Bon Appétit and United Farm Workers would like to see the data compiled by the report lead to the development of verifiable and enforceable standards for farm work that can be supported by both individual consumers and socially responsible corporations.
“Thirty-nine years ago, César Chávez coined the phrase ‘Si se puede!‘ [‘Yes, we can!’] — a reminder that each of us is the keeper of César’s legacy,” said UFW President Arturo S. Rodriguez. “The greatest monument to César Chávez isn’t on a street sign or an official holiday. It’s having the courage to work for change that he instilled in his own people and in millions of others who never worked on a farm.”
America’s cheap and abundant food system is the envy of the world, but it cannot continue to rely on an invisible underclass of exploited laborers. Until we acknowledge this and take steps to grant farmworkers the same legal protections in the workplace as those in other U.S. occupations, we will never have a food system that is truly sustainable, fair, and healthy for all.

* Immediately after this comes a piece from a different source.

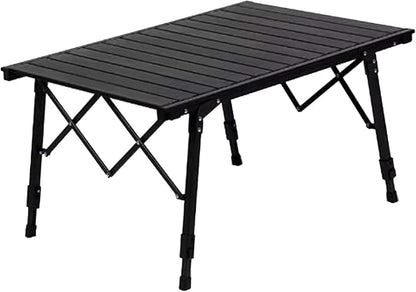 Aluminium Height Adjustable Egg Roll Camping Table – Portable Outdoor Table 89cm ECOTREK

About Bon Appétit Management Company Foundation
Bon Appétit Management Company Foundation‘s mission is to educate consumers and institutional purchasers about how their food choices affect the global environment and local economies — now and for future generations — and to motivate them to make change. It is the operating foundation of Bon Appétit Management Company, a socially responsible on-site restaurant company offering full food-service management to corporations, universities, and specialty venues including eBay, the University of Pennsylvania, and the Getty Center. Based in Palo Alto, CA, Bon Appétit operates more than 400 cafés in 31 states. The company has pioneered environmentally sound sourcing policies, beginning with its Farm to Fork Program in 1999, which recently passed the milestone of 1,000 family-scale suppliers. Bon Appétit has also implemented programs addressing antibiotic overuse, sustainable seafood, cage-free eggs, the connection between food and climate change, and most recently, farmworkers’ rights. The company has received numerous awards for its work from organizations including the Natural Resources Defense Council, Seafood Choices Alliance, The Humane Society of the United States, and Food Alliance.
About the United Farm Workers of America
Founded in 1962 by César Chávez, the United Farm Workers of America is the nation’s first successful and largest farmworkers union, currently active in 10 states. The union continues to organize in major agricultural industries across the nation. Recent years have seen major UFW organizing, negotiating, and legislative victories. Among them are union contracts with one of the nation’s largest employers of strawberry workers, one of the California’s largest vegetable companies, and 75 percent of California’s fresh mushroom industry. Just recently, the union renegotiated its contract protecting 370 wine-grape workers at America’s largest winery, Gallo of Sonoma. UFW contracts in the Pacific Northwest include the biggest dairy in the U.S., Washington State’s largest winery, and a huge cattle feedlot firm in Oregon and Washington. Many recent UFW-sponsored laws and regulations aid farmworkers; in California, it backed the first state regulation in the U.S. to prevent further heat deaths of farm workers. The UFW is also pushing its historic bipartisan, broadly backed AgJobs immigration reform bill. AgJobs would allow undocumented farm workers earn the right to stay permanently in this country by continuing to work in agriculture.